Sunday Poster Session
Category: Colon
Sakhr Alshwayyat, MD
Jordan University of Science and Technology
Irbid, Irbid, Jordan
MAC is a distinct colorectal cancer subtype with poor prognosis and limited response to therapy, especially when liver metastases are present. We applied machine learning (ML) to identify prognostic factors and improve outcome prediction in this population.
Methods: Data were obtained from the SEER database (2004-2021). Patients who met any of the following criteria were excluded: diagnosis not confirmed by histology; previous history of cancer or other concurrent malignancies; or unknown data. To identify prognostic variables, we conducted Cox regression analysis and constructed prognostic models using ML algorithms to predict the 5-year survival. Patient records were randomly divided into training (70 %) and validation (30 %) sets. Model performance was evaluated using the area under the receiver operating characteristic curve. We also investigated the role of multiple therapeutic options using Kaplan-Meier survival analysis.
Results: A total of 1,950 patients were included. Most patients (64.5 %) were aged < 71 years and 50.5 % were female. The majority were white (77.1 %), followed by black (16.9 %). The most common primary tumor sites were the cecum (36.1 %) and ascending colon (20.7 %). Most patients presented with an advanced T stage (T4,47.4 %) and nodal involvement (N2,45.2 %). Surgery was performed in 91.6 % of the cases, chemotherapy in 67.6 %, and radiation therapy in only 2.8 %.
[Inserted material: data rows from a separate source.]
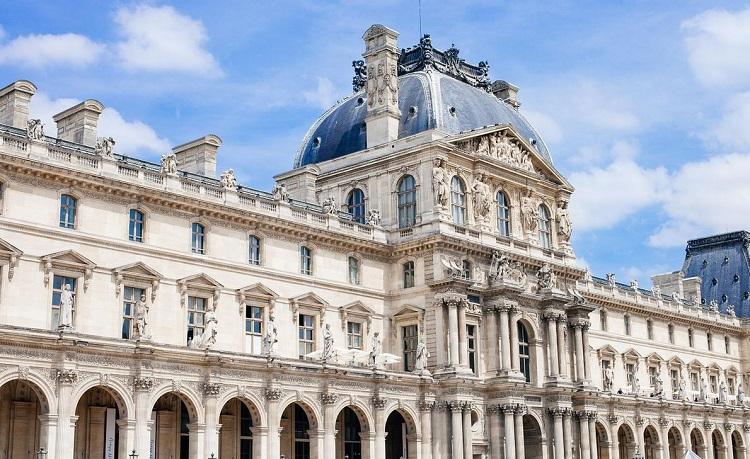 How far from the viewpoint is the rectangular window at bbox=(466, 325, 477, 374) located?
Answer: 6050 cm

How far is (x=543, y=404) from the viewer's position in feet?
207

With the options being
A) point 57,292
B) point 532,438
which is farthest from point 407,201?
point 57,292

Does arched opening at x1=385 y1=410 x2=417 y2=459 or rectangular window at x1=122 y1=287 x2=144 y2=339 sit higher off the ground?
rectangular window at x1=122 y1=287 x2=144 y2=339

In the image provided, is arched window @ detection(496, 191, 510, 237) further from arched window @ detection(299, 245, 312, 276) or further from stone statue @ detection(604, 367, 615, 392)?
stone statue @ detection(604, 367, 615, 392)

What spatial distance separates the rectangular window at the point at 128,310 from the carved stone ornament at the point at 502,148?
73.9ft

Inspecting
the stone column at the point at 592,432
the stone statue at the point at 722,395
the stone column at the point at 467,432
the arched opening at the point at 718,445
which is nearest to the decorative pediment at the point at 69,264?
the stone column at the point at 467,432

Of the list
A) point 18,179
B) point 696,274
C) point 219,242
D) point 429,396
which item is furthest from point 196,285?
point 696,274

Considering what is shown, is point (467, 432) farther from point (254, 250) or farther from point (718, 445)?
point (718, 445)

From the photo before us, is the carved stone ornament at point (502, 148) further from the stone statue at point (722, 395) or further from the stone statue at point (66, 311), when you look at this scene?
the stone statue at point (722, 395)

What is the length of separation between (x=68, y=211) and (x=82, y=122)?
250 inches

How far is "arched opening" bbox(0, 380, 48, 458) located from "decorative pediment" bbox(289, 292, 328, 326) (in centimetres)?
1508

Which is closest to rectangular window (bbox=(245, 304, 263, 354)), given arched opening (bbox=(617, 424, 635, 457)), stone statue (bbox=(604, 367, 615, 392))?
stone statue (bbox=(604, 367, 615, 392))

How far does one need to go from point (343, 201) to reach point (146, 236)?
58.0ft

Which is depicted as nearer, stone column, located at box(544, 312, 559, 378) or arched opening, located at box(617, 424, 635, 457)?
stone column, located at box(544, 312, 559, 378) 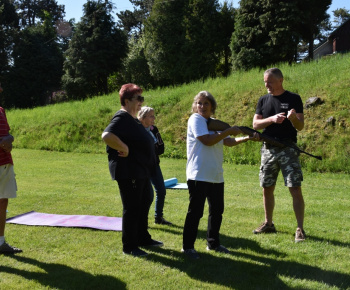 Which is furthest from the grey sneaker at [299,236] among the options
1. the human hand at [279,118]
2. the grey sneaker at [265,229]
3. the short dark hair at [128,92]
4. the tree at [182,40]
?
the tree at [182,40]

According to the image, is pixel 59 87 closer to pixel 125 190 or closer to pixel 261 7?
pixel 261 7

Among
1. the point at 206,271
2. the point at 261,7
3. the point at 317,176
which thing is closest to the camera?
the point at 206,271

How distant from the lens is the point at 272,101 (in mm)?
5180

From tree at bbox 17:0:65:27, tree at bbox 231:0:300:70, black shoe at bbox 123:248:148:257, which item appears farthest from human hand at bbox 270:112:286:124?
tree at bbox 17:0:65:27

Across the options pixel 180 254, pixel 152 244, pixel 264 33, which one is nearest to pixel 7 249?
pixel 152 244

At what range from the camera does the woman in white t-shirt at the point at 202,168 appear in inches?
172

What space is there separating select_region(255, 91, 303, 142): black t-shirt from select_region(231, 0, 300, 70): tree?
18.9m

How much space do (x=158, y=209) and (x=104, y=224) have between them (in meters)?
0.85

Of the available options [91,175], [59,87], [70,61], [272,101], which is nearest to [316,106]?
[91,175]

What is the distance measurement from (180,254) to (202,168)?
3.52 ft

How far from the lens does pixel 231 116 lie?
663 inches

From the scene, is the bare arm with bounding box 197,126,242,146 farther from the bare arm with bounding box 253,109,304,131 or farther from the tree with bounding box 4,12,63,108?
the tree with bounding box 4,12,63,108

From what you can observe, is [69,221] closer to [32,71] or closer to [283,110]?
[283,110]

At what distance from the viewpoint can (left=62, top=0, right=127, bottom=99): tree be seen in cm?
3211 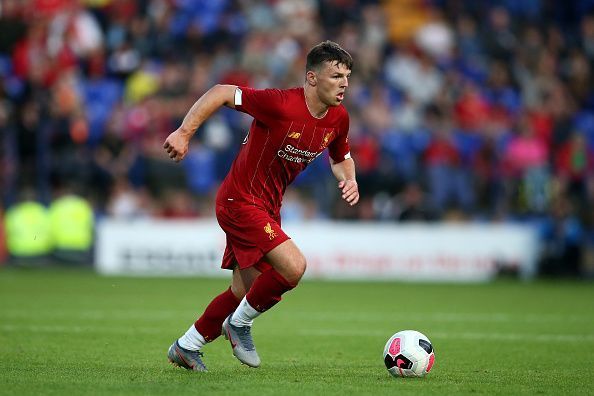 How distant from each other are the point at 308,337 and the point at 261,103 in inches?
136

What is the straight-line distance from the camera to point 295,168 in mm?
7812

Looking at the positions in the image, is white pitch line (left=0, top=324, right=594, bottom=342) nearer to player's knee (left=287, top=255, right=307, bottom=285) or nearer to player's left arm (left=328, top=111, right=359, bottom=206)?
player's left arm (left=328, top=111, right=359, bottom=206)

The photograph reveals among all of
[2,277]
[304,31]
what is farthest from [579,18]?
[2,277]

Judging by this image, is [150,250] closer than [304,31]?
Yes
Patients aged < 71 years had higher 5-year survival rates (OS, 13.6 %; CSS, 14.6 %) than those aged ≥71 years (OS, 3.4 %; CSS, 4.1 %). Radiation was associated with better outcomes (OS, 24.2 %; CSS, 24.2 %) than no radiation (OS: 9.4 %, CSS: 10.4 %). Among racial groups, Asian/Pacific Islanders had the highest survival (OS: 15.9 %, CSS: 22.6 %), followed by white (OS: 9.8 %, CSS: 10.5 %) and black patients (OS: 8.4 %, CSS: 8.6 %). Chemotherapy was associated with improved survival (OS: 12.4 %, CSS: 13.5 %) compared to no chemotherapy (OS: 4.9 %, CSS: 5.5 %). The highest 5-year CSS was observed in the ascending (15.7 %) and descending colon (13.6 %), followed by the hepatic flexure (13.4 %), splenic flexure (10.8 %), transverse colon (11.9 %), sigmoid colon (8.7 %), and cecum (7.8 %).
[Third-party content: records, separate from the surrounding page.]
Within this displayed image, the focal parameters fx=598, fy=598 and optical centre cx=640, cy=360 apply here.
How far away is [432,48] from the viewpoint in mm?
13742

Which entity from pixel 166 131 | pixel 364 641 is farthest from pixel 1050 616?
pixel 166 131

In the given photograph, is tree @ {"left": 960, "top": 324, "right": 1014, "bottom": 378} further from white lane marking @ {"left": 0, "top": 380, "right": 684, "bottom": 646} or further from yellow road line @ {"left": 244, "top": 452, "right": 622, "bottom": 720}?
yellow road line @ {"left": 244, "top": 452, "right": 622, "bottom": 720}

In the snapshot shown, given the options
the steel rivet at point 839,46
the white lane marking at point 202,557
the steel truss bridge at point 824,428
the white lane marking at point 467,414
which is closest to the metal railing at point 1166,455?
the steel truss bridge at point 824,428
Random forest was the most accurate models. The ML models identified the T stage as the most significant prognostic factor, followed by age.
Discussion:
ML enhances personalized medicine by identifying key prognostic factors in MAC with liver metastasis, which can guide treatment decisions for better patient management.
Disclosures:
Sakhr Alshwayyat indicated no relevant financial relationships.
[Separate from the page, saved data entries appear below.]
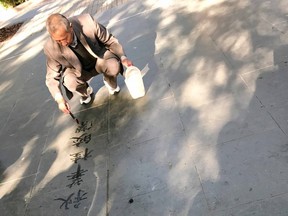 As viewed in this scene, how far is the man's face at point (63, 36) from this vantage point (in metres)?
3.65

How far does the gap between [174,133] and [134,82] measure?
0.95 meters

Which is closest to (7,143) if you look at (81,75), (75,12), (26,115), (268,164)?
(26,115)

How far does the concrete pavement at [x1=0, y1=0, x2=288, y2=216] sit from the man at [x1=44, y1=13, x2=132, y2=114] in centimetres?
45

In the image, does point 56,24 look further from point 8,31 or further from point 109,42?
point 8,31

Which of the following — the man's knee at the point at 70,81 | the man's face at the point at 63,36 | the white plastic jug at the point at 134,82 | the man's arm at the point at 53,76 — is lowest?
the white plastic jug at the point at 134,82

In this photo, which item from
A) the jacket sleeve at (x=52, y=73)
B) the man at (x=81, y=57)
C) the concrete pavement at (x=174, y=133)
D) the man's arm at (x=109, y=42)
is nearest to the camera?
the concrete pavement at (x=174, y=133)

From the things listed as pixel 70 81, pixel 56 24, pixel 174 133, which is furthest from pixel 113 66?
pixel 174 133

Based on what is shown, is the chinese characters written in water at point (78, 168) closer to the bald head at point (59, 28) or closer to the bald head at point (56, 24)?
the bald head at point (59, 28)

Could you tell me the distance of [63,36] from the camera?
368cm

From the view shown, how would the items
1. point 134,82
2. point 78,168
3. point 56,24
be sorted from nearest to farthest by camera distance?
point 56,24, point 78,168, point 134,82

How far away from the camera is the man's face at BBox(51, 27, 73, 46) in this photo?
365cm

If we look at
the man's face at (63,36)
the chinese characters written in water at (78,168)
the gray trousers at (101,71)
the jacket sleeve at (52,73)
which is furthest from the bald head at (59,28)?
the chinese characters written in water at (78,168)

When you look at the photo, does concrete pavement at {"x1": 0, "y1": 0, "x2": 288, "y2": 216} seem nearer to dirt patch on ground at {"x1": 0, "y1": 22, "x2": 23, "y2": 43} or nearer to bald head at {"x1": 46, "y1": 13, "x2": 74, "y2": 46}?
bald head at {"x1": 46, "y1": 13, "x2": 74, "y2": 46}

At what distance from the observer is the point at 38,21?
10062 mm
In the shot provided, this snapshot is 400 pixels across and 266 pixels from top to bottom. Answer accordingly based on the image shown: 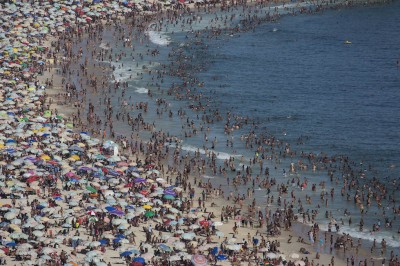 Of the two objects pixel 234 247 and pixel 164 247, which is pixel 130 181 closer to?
pixel 164 247

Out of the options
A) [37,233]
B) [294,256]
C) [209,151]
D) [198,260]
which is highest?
[37,233]

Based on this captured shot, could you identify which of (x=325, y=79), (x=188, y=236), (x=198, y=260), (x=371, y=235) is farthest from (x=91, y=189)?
(x=325, y=79)

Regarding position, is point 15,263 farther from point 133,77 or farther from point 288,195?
point 133,77

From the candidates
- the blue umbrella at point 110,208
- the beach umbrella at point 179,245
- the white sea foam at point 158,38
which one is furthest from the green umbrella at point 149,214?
the white sea foam at point 158,38

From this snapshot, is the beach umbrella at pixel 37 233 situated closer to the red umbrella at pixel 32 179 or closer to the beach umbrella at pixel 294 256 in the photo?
the red umbrella at pixel 32 179

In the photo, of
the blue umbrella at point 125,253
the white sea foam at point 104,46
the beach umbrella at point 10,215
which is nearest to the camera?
the blue umbrella at point 125,253

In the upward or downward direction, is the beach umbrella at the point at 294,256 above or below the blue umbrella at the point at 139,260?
below

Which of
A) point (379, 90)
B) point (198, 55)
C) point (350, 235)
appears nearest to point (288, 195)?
point (350, 235)
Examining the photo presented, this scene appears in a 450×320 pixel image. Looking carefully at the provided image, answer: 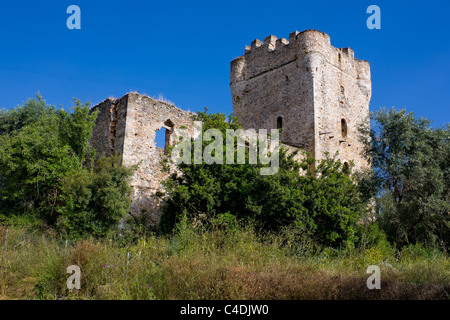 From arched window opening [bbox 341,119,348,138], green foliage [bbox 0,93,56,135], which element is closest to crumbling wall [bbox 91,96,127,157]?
green foliage [bbox 0,93,56,135]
Yamen Alshwaiyat indicated no relevant financial relationships.
Salsabeel Aljawabrah indicated no relevant financial relationships.
Kholoud Alqasem indicated no relevant financial relationships.
Sakhr Alshwayyat, MD1, Yamen Alshwaiyat, PharmD1, Salsabeel Aljawabrah, MD2, Kholoud Alqasem, MBBS3. P0309 - Personalized Prognostic Modeling in Mucinous Adenocarcinoma (MAC) of the Colon With Liver Involvement, ACG 2025 Annual Scientific Meeting Abstracts. Phoenix, AZ: American College of Gastroenterology.